Life is full of competition. Dogs vs Cats, Star Wars vs Star Trek, Tea vs Coffee - the list goes on! Having a bit of healthy competition is good, as it can help you find out what it is you like and what it is you don't. Have you ever noticed that there can be competition between cities? Some residents think theirs is the best one in the world, hands down and no questions asked, while others may have a sneaky hankering for the grass on the other side of the fence. Edinburgh and Glasgow are no different. There are a great deal of differences between them, and similarities too. We're not even going to mention the football teams here - thats for a whole different thread. Read on!
The first, most noticeable difference is that Glasgow is much larger. It is Scotland's most populated city, and the fourth most populated in the whole of the UK. Edinburgh has a much smaller population, and because of this the architecture tends towards older, prettier buildings and having fewer "new" developments in terms of housing. You will probably notice more tourists in Edinburgh, because there are fewer people in general, which can work in your favour because there will be more events (and shopping!) geared towards visitors, rather than people who live there full time.
As you'll find when you go on one of Tours of Glasgow - it's a friendly city. You will notice this if you ever visit - there will always be someone who is willing to tell you about fun things to do in Glasgow, or places to visit in Glasgow. Some people say that Edinburgh may be more cosmopolitan and that people are less willing to stop on street corners and chat to tourists.
Both cities have a vast wealth of amazing cultural events and exciting things to see and do during your stay.

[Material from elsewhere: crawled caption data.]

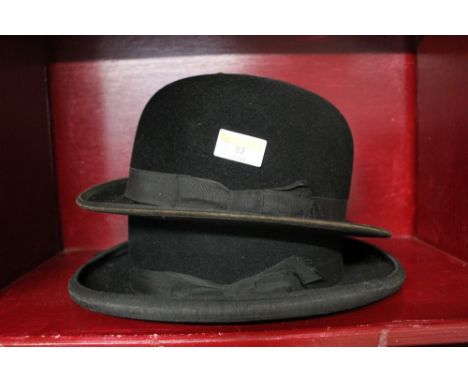 Two vintage bowler hats - Hedform and The Aero-Fan hat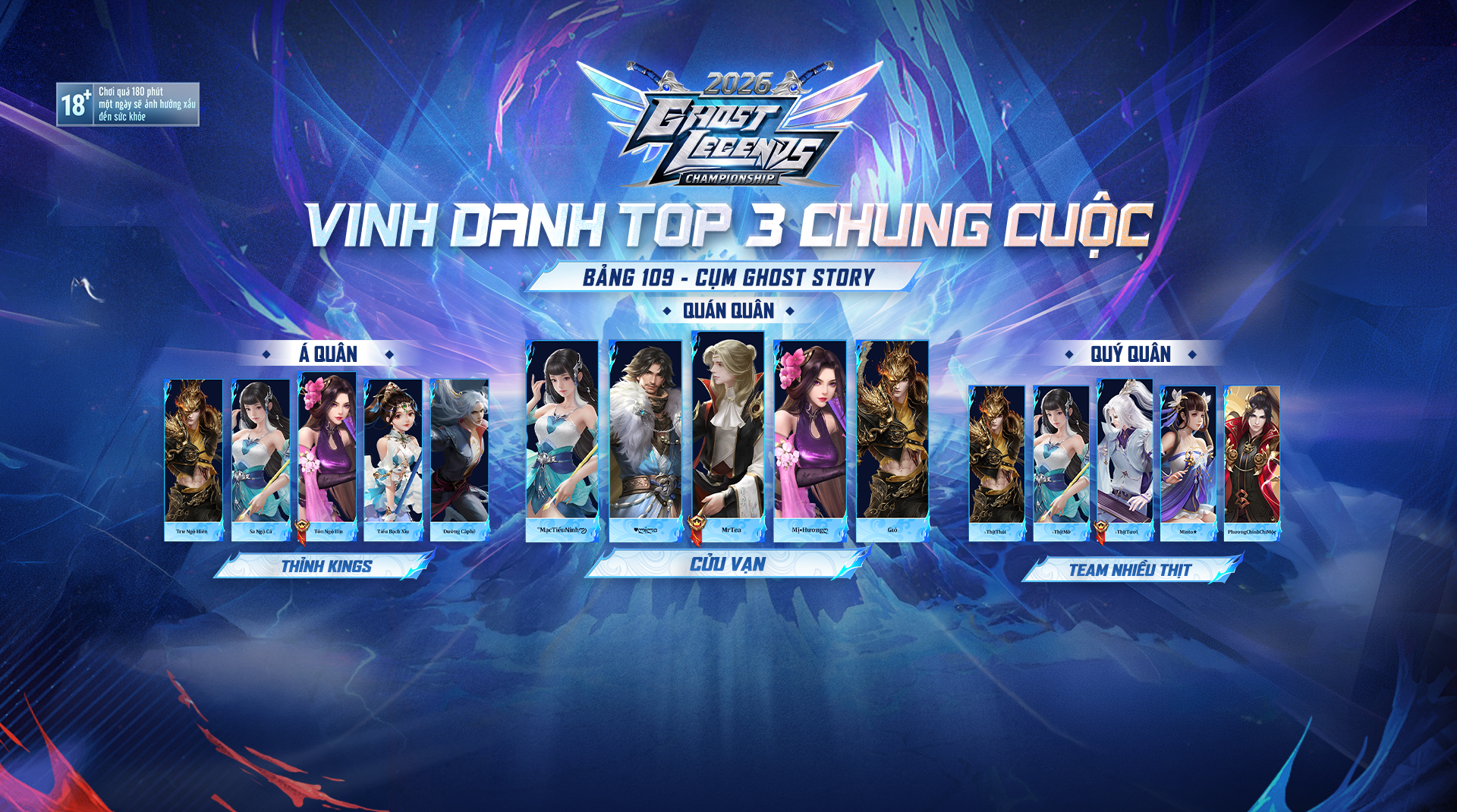 Kết Quả Ghost Legends Championship 2026 - Bảng 109 | Cụm Ghost Story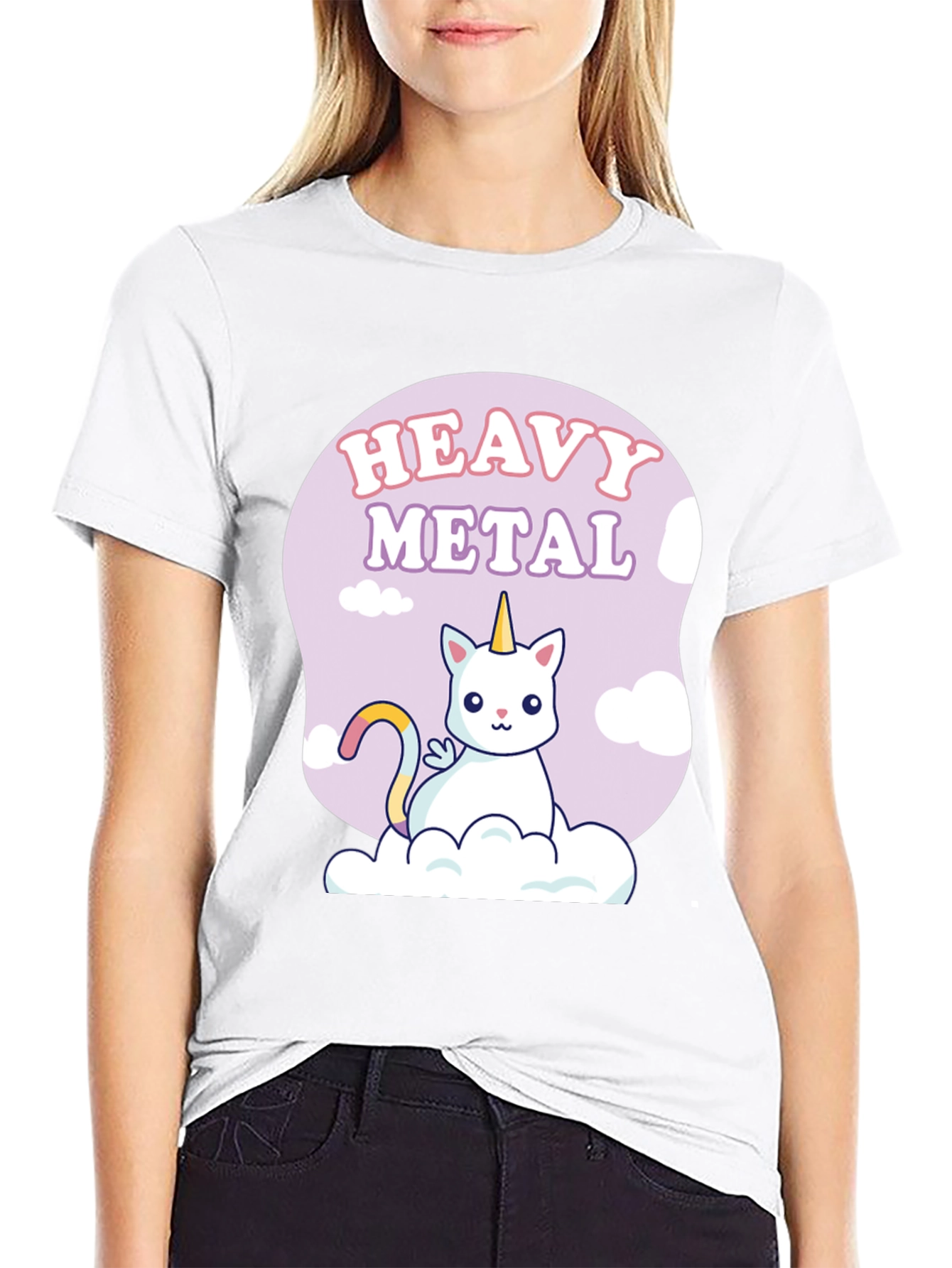Heavy Metal Unicorn Cat Graphic T-Shirt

Edinburgh, of course, hosts the comedy festival the Edinburgh Fringe, which sees a huge variety of artists you won't see anywhere else coming to perform their comedy gold before an unknown audience. You could be in that crowd! Glasgow, on the other hand, offers such events as the Proms in The Park, and has been host to the international Commonwealth Games.
Glasgow is closer to the Highlands (often a destination after exploring Glasgow attractions) whereas Edinburgh is nearer to England. This means that the native accent is much thicker in Glasgow. You may struggle to understand the locals in Glasgow unless they speak slowly, an effect that can be even more noticeable after a night in the pub! (We make sure that our our Glasgow tour guides are easily understood, don't worry!). Edinburgh being closer to the UK mainland means that the accent is closer to the UK accents, which can be a real draw for tourists, especially those for whom English is not a first language.
Your best bet, when trying to work out the differences between Glasgow and Edinburgh, is to go to both cities and try to decide for yourself which is best. Whether you are looking for Glasgow attractions or Edinburgh wonders, you are sure to find what you are looking for in the wilds of either of these gorgeous Scottish cities.